Philippines: Central Bank starts hiking cycle in May with 25 basis points increase
At its monetary policy meeting on 18 May, the Central Bank of the Philippines (BSP) raised the overnight reverse repurchase facility rate by 25 basis points to 2.25% from its record low of 2.00%, matching market analysts’ expectations. Likewise, the overnight deposit facility and the overnight lending facility rates—which establish the floor and the ceiling of the interest rate corridor—were left at 1.50% and 2.50%, respectively.
The Central Bank also announced that the government would pay back the PHP 300 billion it owes to the Bank on 20 May instead of the earlier-agreed date of 11 June. It also said it would revert its government bond purchasing scheme from an emergency program to a regular liquidity facility.
The rate hike signaled a marked shift in the Bank’s monetary policy strategy. As recently as last month, Governor Diokno had stated that monetary policy at the time was “appropriate” given the then-outlooks for inflation and growth. Rate hikes were discussed as potentially occurring in H2, not in May.

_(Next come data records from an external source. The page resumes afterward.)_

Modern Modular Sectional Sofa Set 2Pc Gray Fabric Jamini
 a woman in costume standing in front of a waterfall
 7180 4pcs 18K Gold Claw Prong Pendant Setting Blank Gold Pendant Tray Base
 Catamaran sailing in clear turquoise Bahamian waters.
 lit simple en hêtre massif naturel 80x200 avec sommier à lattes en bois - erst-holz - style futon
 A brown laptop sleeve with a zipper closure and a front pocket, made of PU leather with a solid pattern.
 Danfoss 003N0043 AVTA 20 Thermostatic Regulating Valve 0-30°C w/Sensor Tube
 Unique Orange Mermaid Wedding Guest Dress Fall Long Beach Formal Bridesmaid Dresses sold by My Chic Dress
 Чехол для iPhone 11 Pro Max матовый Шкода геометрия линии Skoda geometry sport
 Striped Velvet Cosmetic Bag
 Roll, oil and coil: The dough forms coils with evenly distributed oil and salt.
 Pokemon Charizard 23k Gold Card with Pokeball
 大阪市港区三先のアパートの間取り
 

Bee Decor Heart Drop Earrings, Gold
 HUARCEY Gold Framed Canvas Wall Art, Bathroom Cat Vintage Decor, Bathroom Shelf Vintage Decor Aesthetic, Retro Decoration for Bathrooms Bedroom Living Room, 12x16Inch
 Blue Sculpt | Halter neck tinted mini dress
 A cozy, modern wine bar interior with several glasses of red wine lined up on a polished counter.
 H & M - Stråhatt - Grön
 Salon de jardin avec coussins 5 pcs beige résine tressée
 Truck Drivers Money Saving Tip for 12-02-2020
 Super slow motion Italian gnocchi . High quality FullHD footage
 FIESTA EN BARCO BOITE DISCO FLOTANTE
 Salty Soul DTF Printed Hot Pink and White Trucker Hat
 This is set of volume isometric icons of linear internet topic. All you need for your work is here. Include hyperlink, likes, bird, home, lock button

The combination of a worsening inflation outlook and an improved growth outlook pushed the Bank to speed up its tightening of monetary policy. The Bank raised its inflation forecasts for this year to 4.6% from 4.3%—further above the Bank’s target range of 2.0–4.0%—and for 2023 to 3.9% from 3.6%. It also warned that risks for inflation next year were now seen as being on the upside as opposed to being balanced. In conjunction with rising inflation expectations and evidence of second-round effects—where higher prices lead to wage increases, which further increase prices—the Bank expressed its concern that inflation expectations could become de-anchored. Meanwhile, a better-than-expected Q1 growth figure boosted optimism about economic prospects. Thus, the Bank felt it had the scope to raise interest rates to keep inflation expectations anchored without seriously hurting the economic recovery.
The Bank’s commentary on the direction of its future monetary policy turned notably more hawkish: It said that persistent price pressures will require “prompt monetary action” in order to anchor inflation expectations.
Analysts at Nomura said:
“We continue to expect more rate hikes in the coming months and forecast the policy rate to reach 3.0% by end-2022 and 3.5% by Q1 next year. Our forecast remains supported by our view that headline inflation will rise above 5% in the coming months and average 4.6% for the full year, in line with BSP’s latest forecast. We believe BSP’s message was clear today that it is now firmly focused on addressing underlying inflation concerns as the growth outlook is improving. […] The risk to our forecast is that the rate hikes could be front-loaded, i.e. reaching 3% earlier, taking into account the upside risks on headline inflation.”